Ma non ci riesci, manco un po’. Inizi subito a fare calcoli, vinciamo qua, loro pareggiano, e le tabelline ti invadono la testa, anche se non ne hai proprio voglia. No, non stasera, magari domani ricominciamo, ma adesso ti senti vuoto, il traffico sul lungotevere è insopportabile, lasciatemi tornare a casa. Dimenticare, dormire.

Ma il calcio è epos. Il calcio sono storie da raccontare, l’altra sera potevo essere altrove, al cinema, sarebbe stato meglio, leggo il risultato, inveisco un po’ e poi a nanna. Invece no. Mi sarei perso qualcosa. Mi sarei perso dei momenti che, quando la rabbia sarà sedimentata, resteranno nel mio cuore, e vi resteranno a lungo, comunque vada.

Ogni tifoso, ogni tifoso vero (e lui lo sa, se è un tifoso vero o no) ha bisogno di identificarsi nella propria squadra, nei propri colori.
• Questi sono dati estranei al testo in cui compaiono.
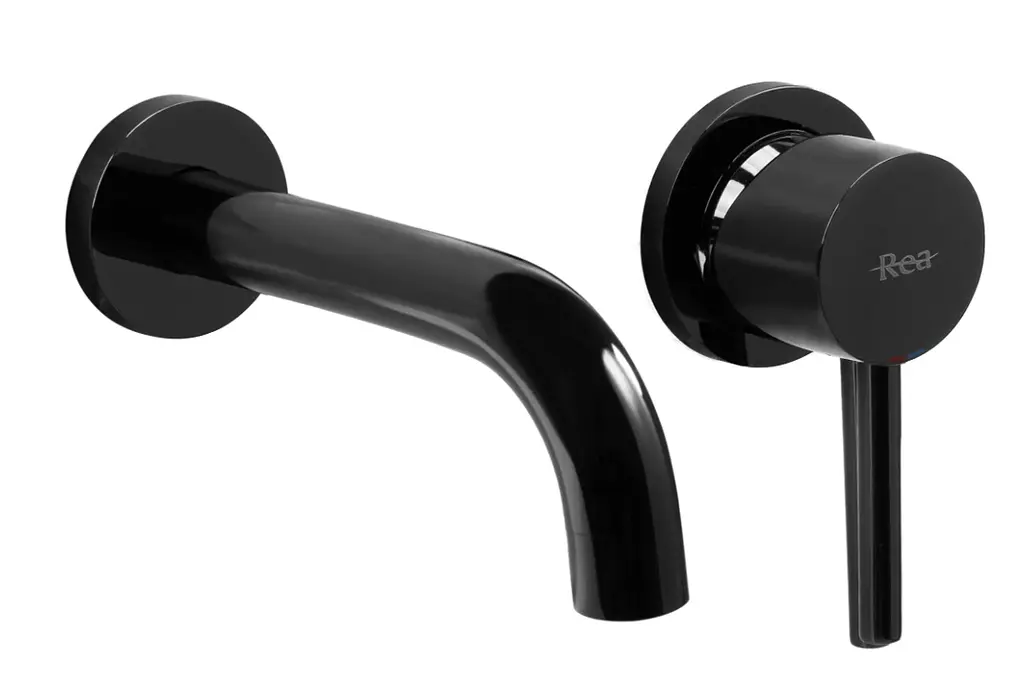 Змішувач для умивальника Rea Lungo black glossy + BOX прихованого монтажу REA-B4421, Чорний матовий - фото 2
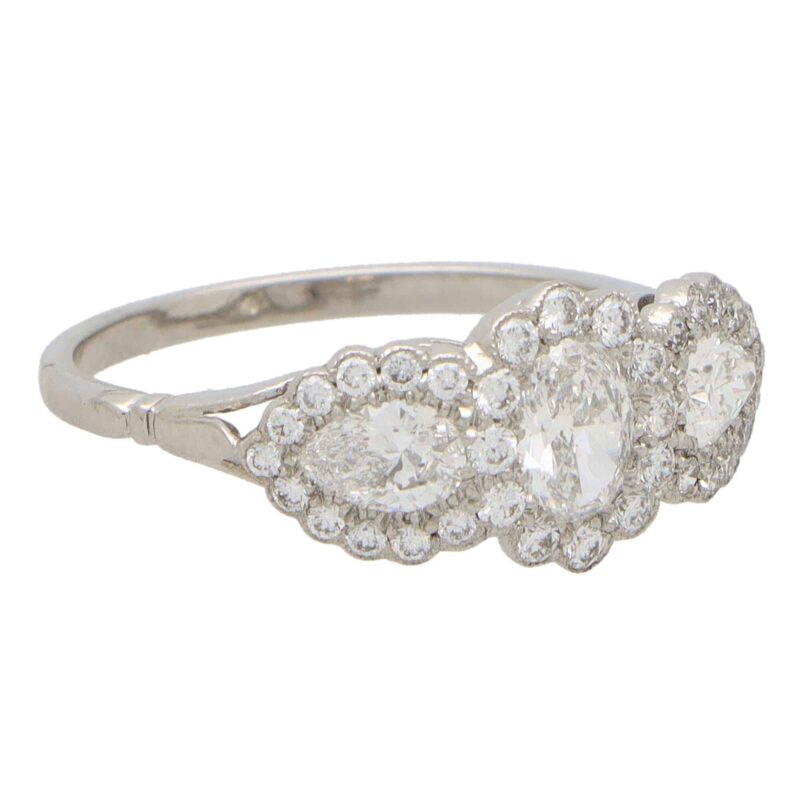 Oval Diamond Cluster Three Stone Ring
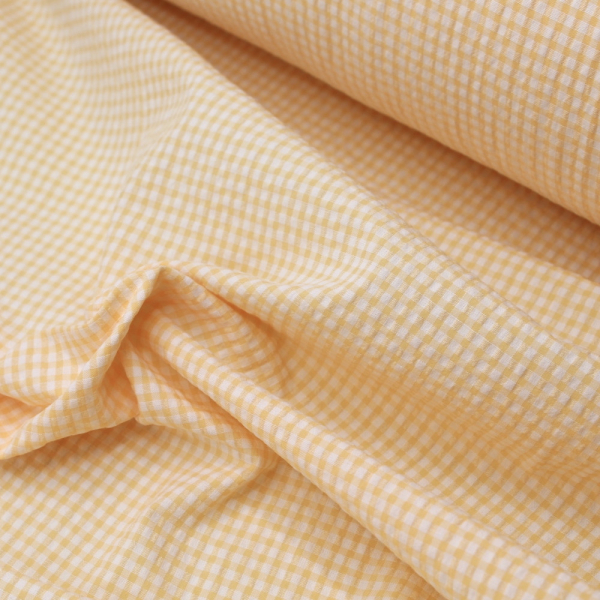 Seersucker / Coton gaufré vichy jaune doux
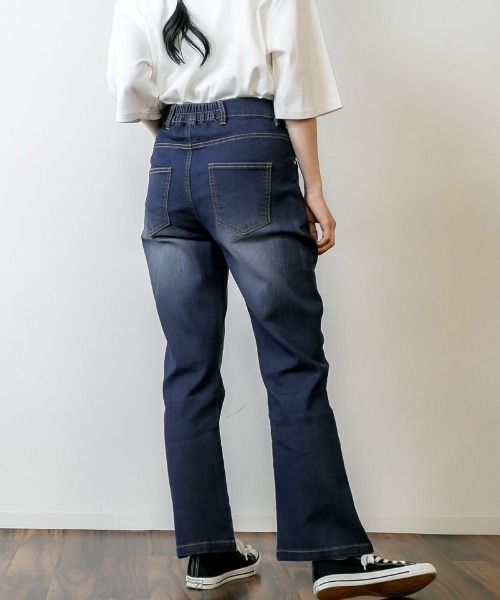 RCD(アールシーディー)の「セミフレアパンツ(デニムパンツ・レディース・ネイビー/ダークネイビー/ブラック/ブルー・M/L/LL/3L/4L)」の22枚目の写真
Se mai ve ne fosse stato bisogno, alcuni momenti della partita dell’altra sera rimarranno indelebili nella mia memoria. Tante partite manco me le ricordo, e ne ho viste migliaia… questa, no.

L’urlo, il boato, non saprei come descriverlo, era primordiale, incontrollato, un ruggito che si è sentito a chilometri di distanza, che ha invaso televisioni, radio, che ha fatto tremare le finestre e tintinnare i bicchieri dei pub, quando Berisha ha parato il rigore. Liberatorio, violento, più di un gol, molto più di un gol, era la rabbia e la ribellione contro un’ingiustizia, era il potete farcene quante ne volete, ma noi siamo qua, in piedi, noi siamo le manone del portiere albanese, vi abbiamo ributtato in faccia tutto, brutti zozzi che ci volevate morti.

E poi quando, ormai in nove, quando l’unica logica soluzione sarebbe stata quella di rinchiudersi ancora di più nel fortino e fare barricate, anche quando ormai era chiaro che da quelle parti non ci avrebbero più fatto arrivare, dopo l’ignobile fuorigioco fischiato a Candreva, ecco che Pioli mette Keita. Come, una punta? Ma sei in nove, tieniti il punto, è importante, può essere decisivo… Ma il calcio è anche altro, è orgoglio, è identità, è follia, e allora Pioli ha pensato – ha sicuramente pensato – siamo pazzi, siamo giovani ed incoscienti, ma c’è una possibilità, anche fosse una su un milione. Proviamo a vincerla.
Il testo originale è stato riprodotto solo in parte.